I’m not exactly what you call a John Mayer fan, but if someone were to ask me to photograph a concert of his, I’d do so gladly. But the one thing I like about Mayer, apart from his voice, is the fact that his lyrics are relatable in a way that very few people’s lyrics are.
I will talk to you, dear readers, of Gravity.
I’ve been thinking a lot about depression in light of Robin Williams, and some thoughts about my own history with that coat came to mind. Mainly how I used to delve into music headfirst in my teens to escape everything, a habit I maintained into adulthood, just with different music. Of course, back then I was routinely yelled at for “having my headphones on all the time”, but the fact is, what was in my headphones was a huge contributor to me coming out of the coat.
Gravity didn’t come out until I was past my teens, and I didn’t hear it until maybe 2007-2008. The lyrics of that song elicited a response in me that was akin to me hearing Down to the Bone for the first time: I stopped and paid attention.
What made me pay attention is pretty much the John Mayer signature: his lyrics are very earthy. He talks about just how people feel, and he doesn’t dress it up. In the world of manufactured performance masquerading as pop music, John Mayer’s reality is refreshing.
What I didn’t think about before, which I think about right now, is likely that John Mayer spoke of depression in the lyrics for Gravity. Either depression, or the overwhelming need to find oneself in a world that cares little for authenticity.
Oh, I’ll never know what makes this man
With all the love that his heart can stand
Dream of ways to throw it all away…
It’s this bit of lyrics in particular that I thought about today.
How many times does depression make actors of the best people in the quest to hide that something is not right? And how many times people get so fed up with how they feel on a daily basis that there is no limit to what they will do to escape? How many of us have felt that we could just up and pack everything in a case and go out on the road, and let the chips fall where they may, if it means that what’s going on inside our heads will finally shut up?
It’s not that we are not loved…we are. All of us. Whether we realize it or not. But it’s the fact that we, when we are at our worst, cease to see that, that is one of the hallmarks of the coat. As I said before, one of the more insipid features of the coat is that it confines. It confines your physical movements, it confines your thoughts, and it confines your perception. You don’t see things as you used to, and you don’t see things that may be the way to unbutton the coat. Or, worse, you will see them, but have no strength to move to get to them.
There’s a semi-truthful joke that says, “Money can’t buy happiness, but it’s better to cry in a Mercedes than on a bicycle”. Honestly, I see a lot more people crying in their Mercedes, to follow along with the joke.
No, really. Depression among the affluent is a lot more easily noticeable. Whatever my personal feelings on wealth aside, the one most common thing I see if someone makes over a certain amount per year is that their earnings are pretty much in direct correlation with their misery levels.
I see it all the time. I go to work through Penn Station, and every day at 9am, it’s chock-full of people rushing to get to work from their outlying suburban homes.
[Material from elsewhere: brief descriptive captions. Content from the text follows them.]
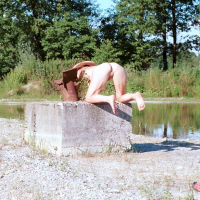 Hasun nudist chaghat kitov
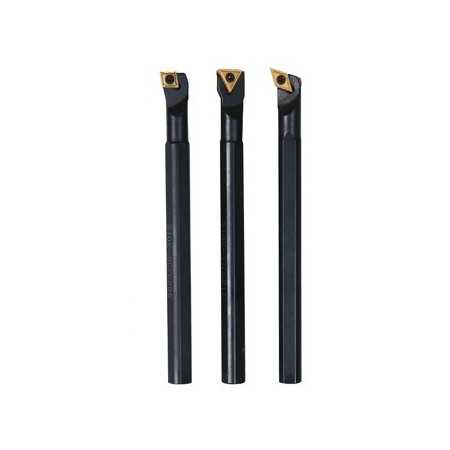 Set 3 utensili per interni 10 mm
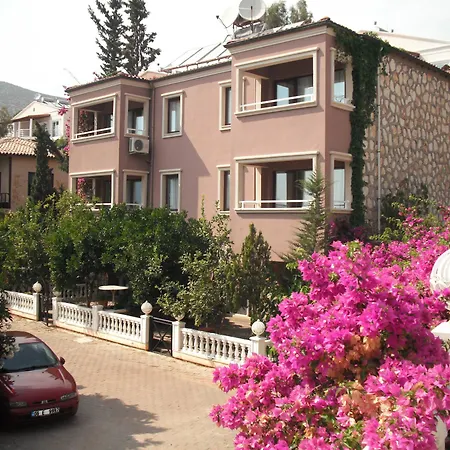 3t Apart Otel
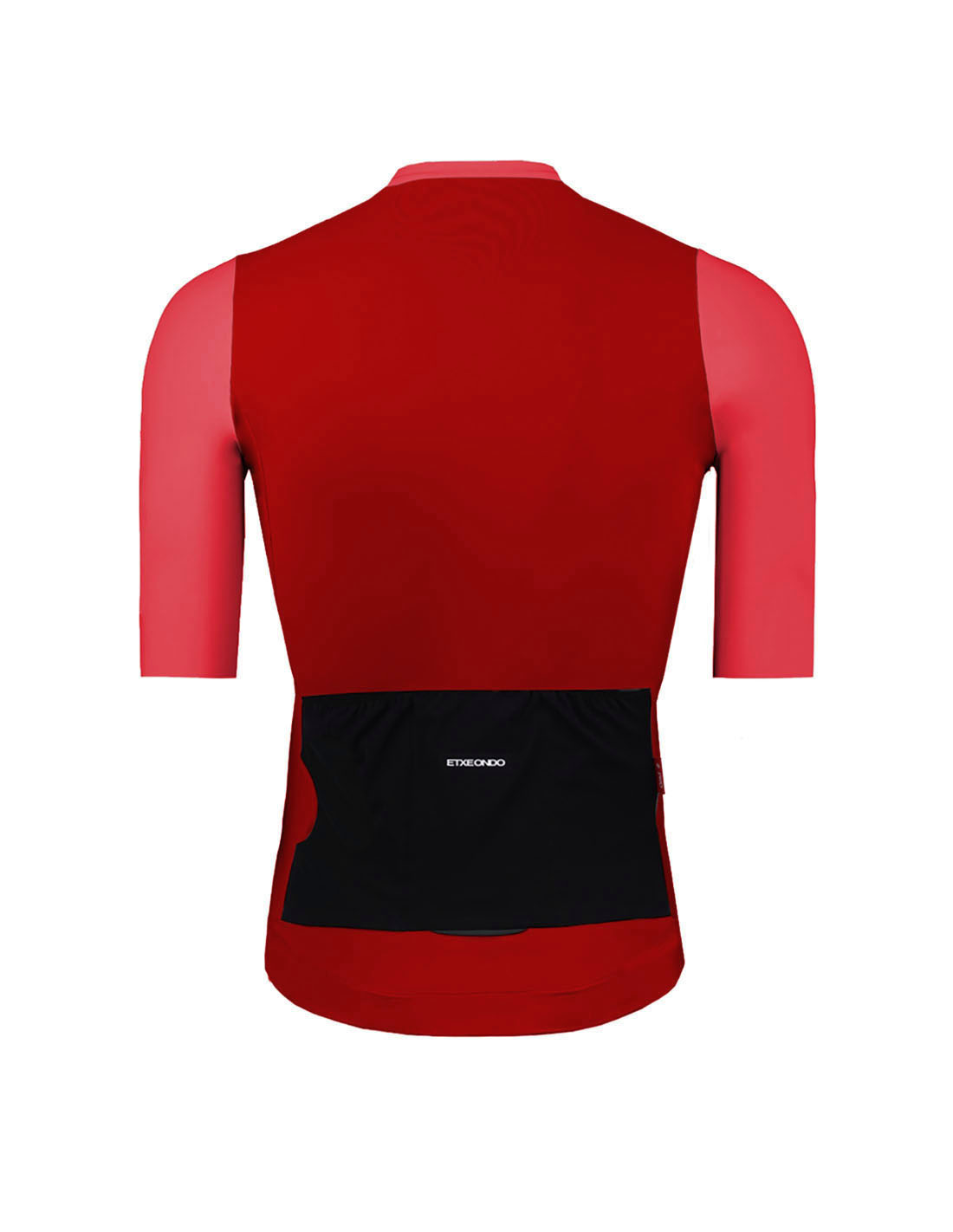 Etxeondo Fahrradtrikot Alde 110 Color Edition - Coral/Red - Herren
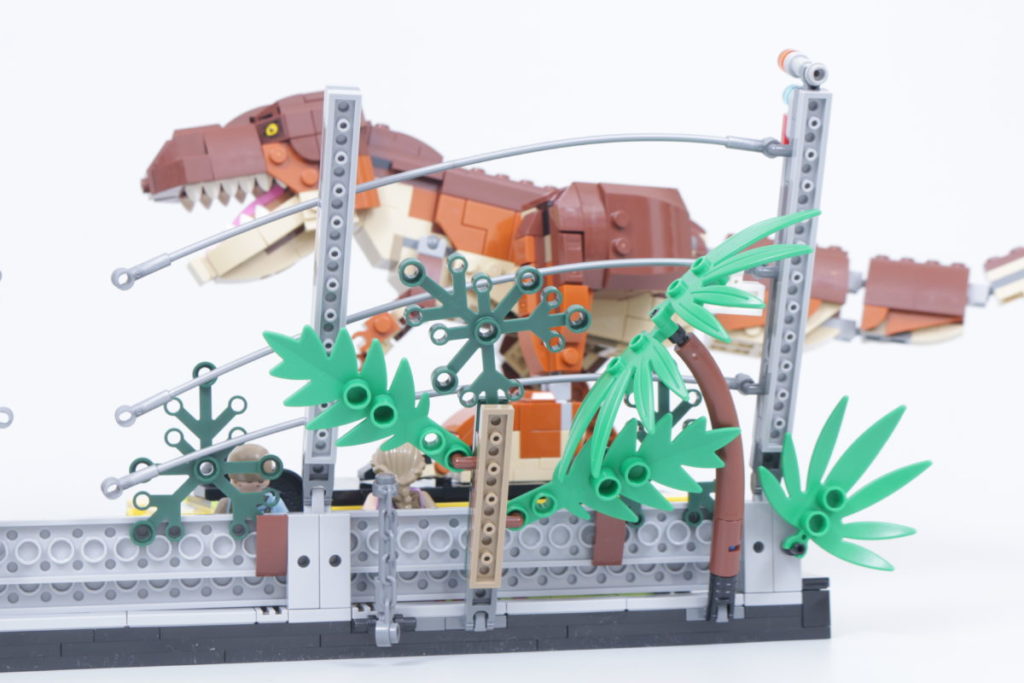 LEGO Jurassic Park 76956 T. rex-flugten anmeldelse 5 1024x683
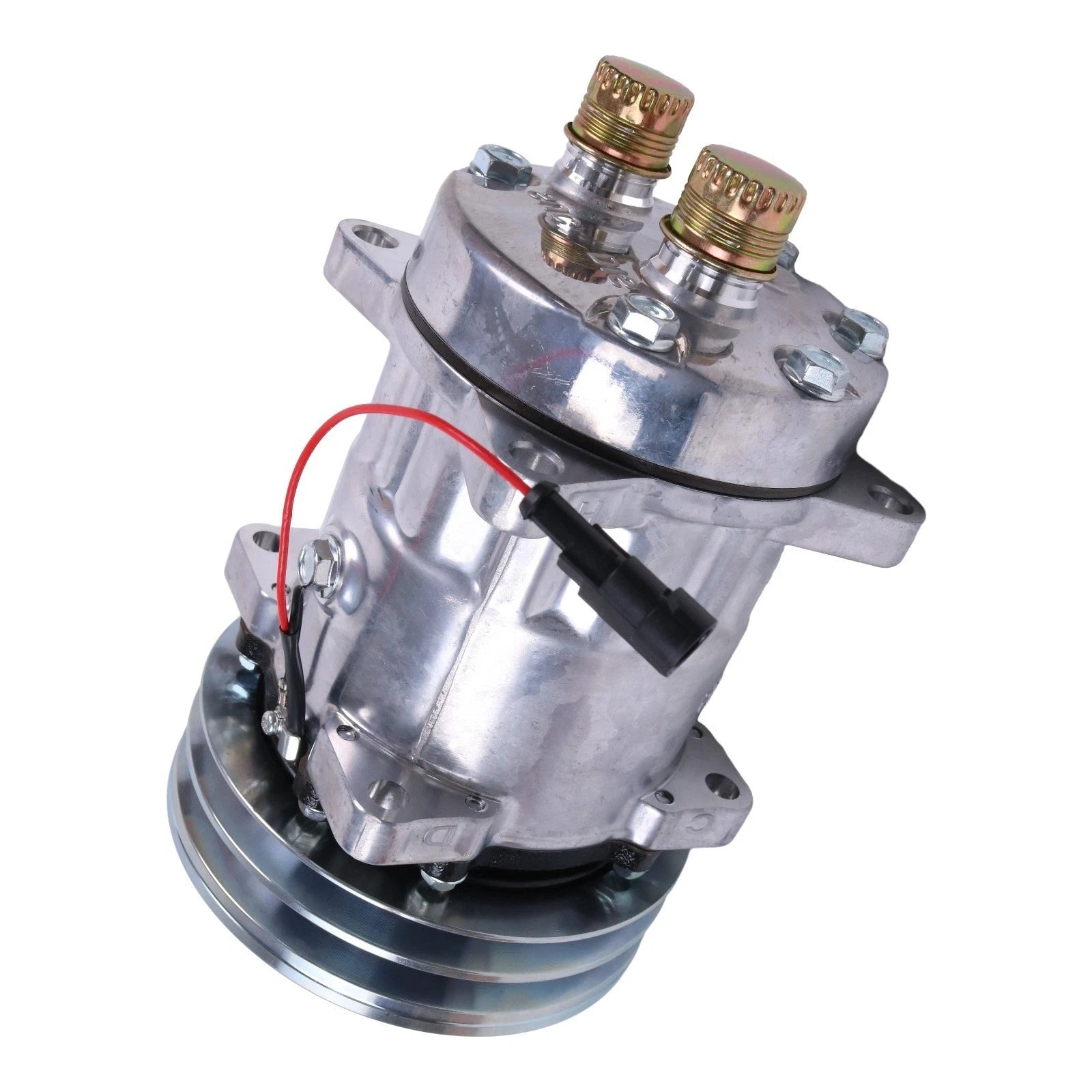 For Case Serie 1000 1056 And Serie 3000 3220 3230 Ac Compressor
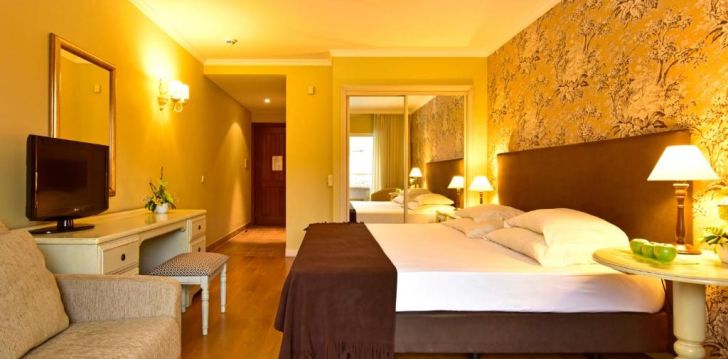 Hubane puhkus Madeiral, 4* hotellis PESTANA VILLAGE! 22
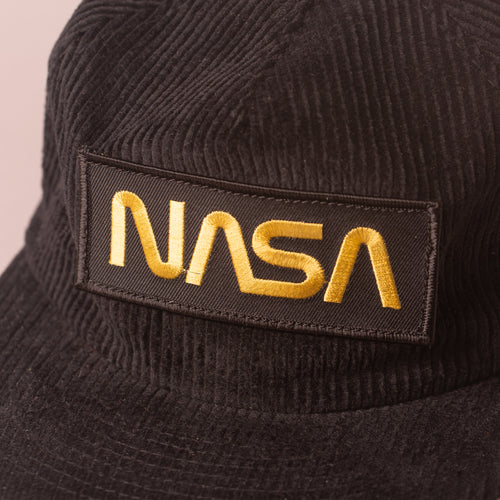 NASA Corduroy Cap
My old job took me through Grand Central, where the populace was largely the same. It’s basically a sea of transient regulars, all rushing from one train to another, from the light rail to the subway, and if you stand still and focus on faces, you are hard-pressed to find many smiles above the smart suits. Most of the times, they wear the same look, the one that says they would rather be anywhere but here, that they would rather do everything and anything to not go to Penn Station every day, to not go to work, to not make their living… $300 suit, impeccable accessories, all the trimmings of wealth, and none of that is enough to keep the coat at bay. The coat doesn’t discriminate.
Twice as much, ain’t twice as good
And can’t sustain, like one-half could…
Well, come to think about that, I can also bring forward the lyrics of Johnny Cash’s, “A Satisfied Mind”. Money is not an answer. Money can buy you the trimmings, but what good are the trimmings, if they have nothing to adorn? What good is gilt cover on the outside when the inside is spent charcoal?
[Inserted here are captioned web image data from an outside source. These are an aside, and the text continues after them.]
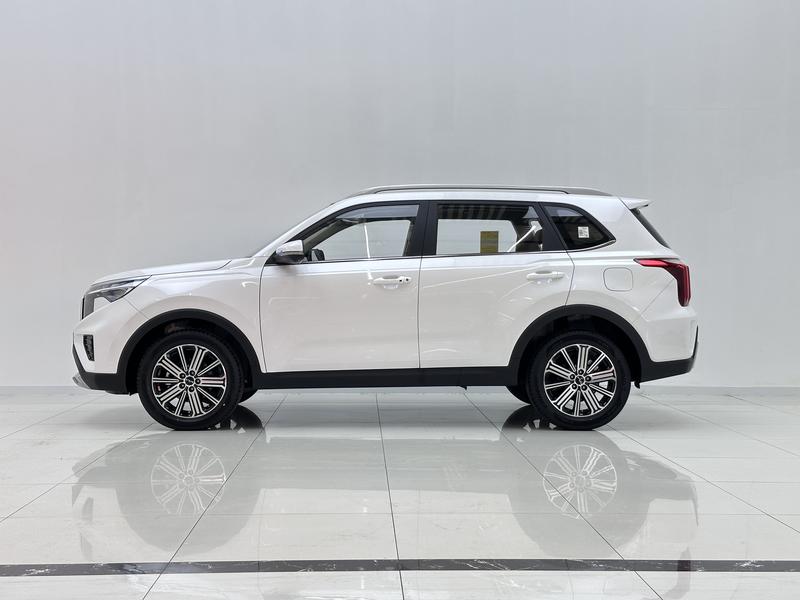 Kia Smart Run 2021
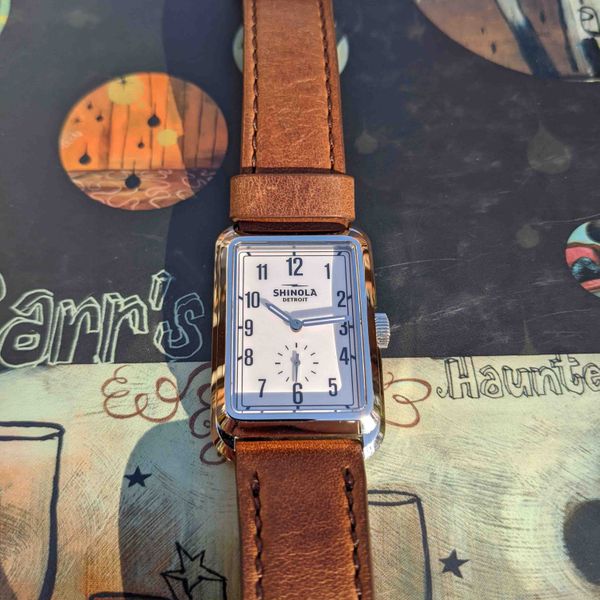 FS Shinola Omaha WatchCharts Marketplace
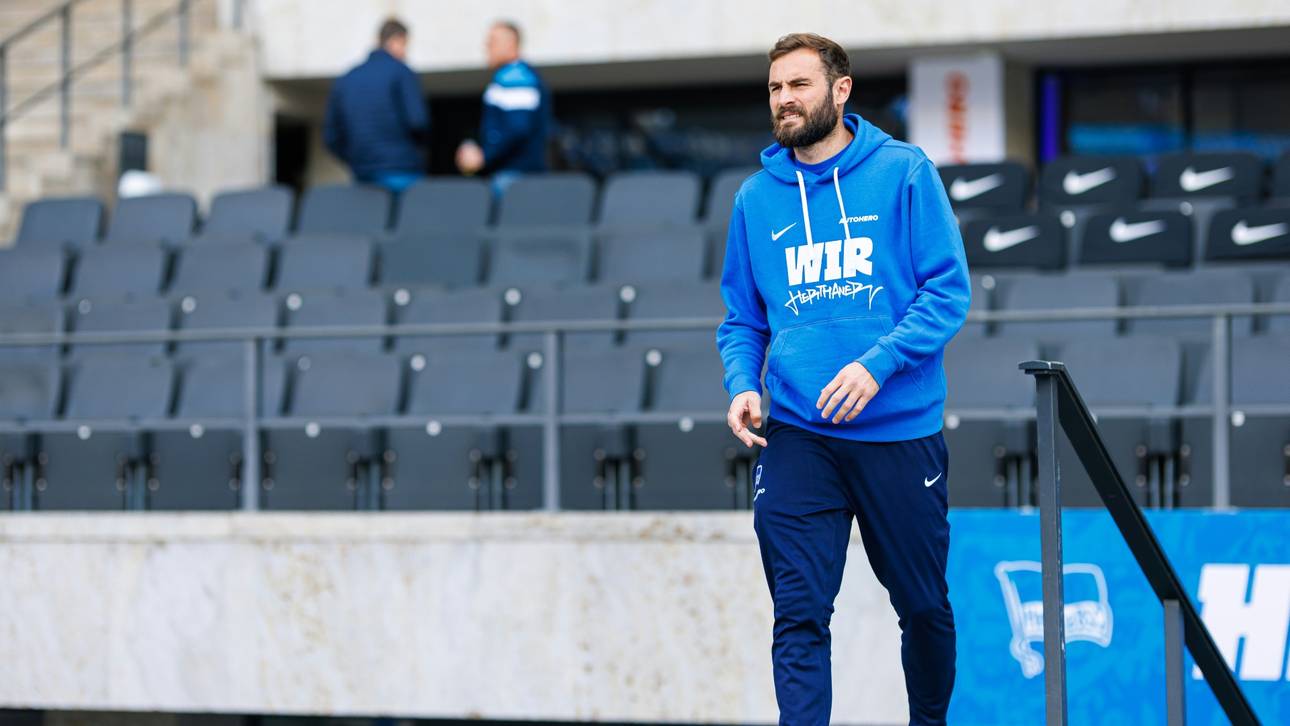Hertha startet ohne Verkaufskandidaten ins Trainingslager
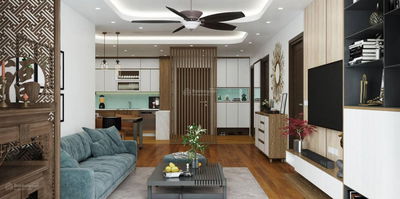 Duy nhất 1 căn Mia Center, 2PN - 65m2 giá 2,47tỷ - Bàn giao full liền tường - sở hữu lâu dài.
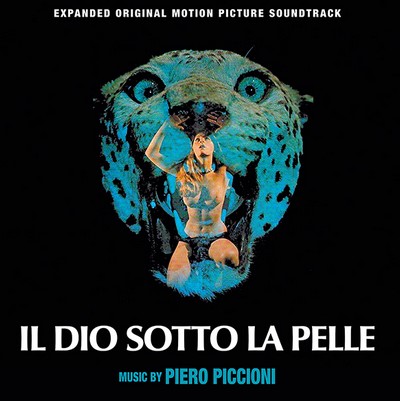 دانلود موسیقی متن فیلم Il Dio Sotto La Pelle – توسط Piero Piccioni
Is it any wonder, then, when someone goes on a bender that is seemingly completely unexplained and unexplainable from the outside?
Truth is, it’s perfectly explainable. And very easy to understand…if you’ve been in that position.
Only those who were on the inside of the coat know that when someone snaps, they have basically Had Enough. That bender, that binge of behavior that sometimes ends in police activity, court appearances, or sometimes worse, usually roots from the simple point of that the person just got plain old sick and tired of feeling the way they feel. It’s the point where no amount of antidepressants, money, self-medicating, what-have-you works anymore.
Though on another thought, it does strike me as a song about unfulfillment. Both ways, the lyrics are relatable and apply both ways, in both situations. But in truth, how many of us go through life without at least one of those moments where you want to just up and get away from it all?
This is why self-care is important, folks. If it’s an annual trip to a tropical island, sitting on a bench in a park and watching the clouds float by, drinking a coffee…whatever your method for getting in touch with your peace, do it.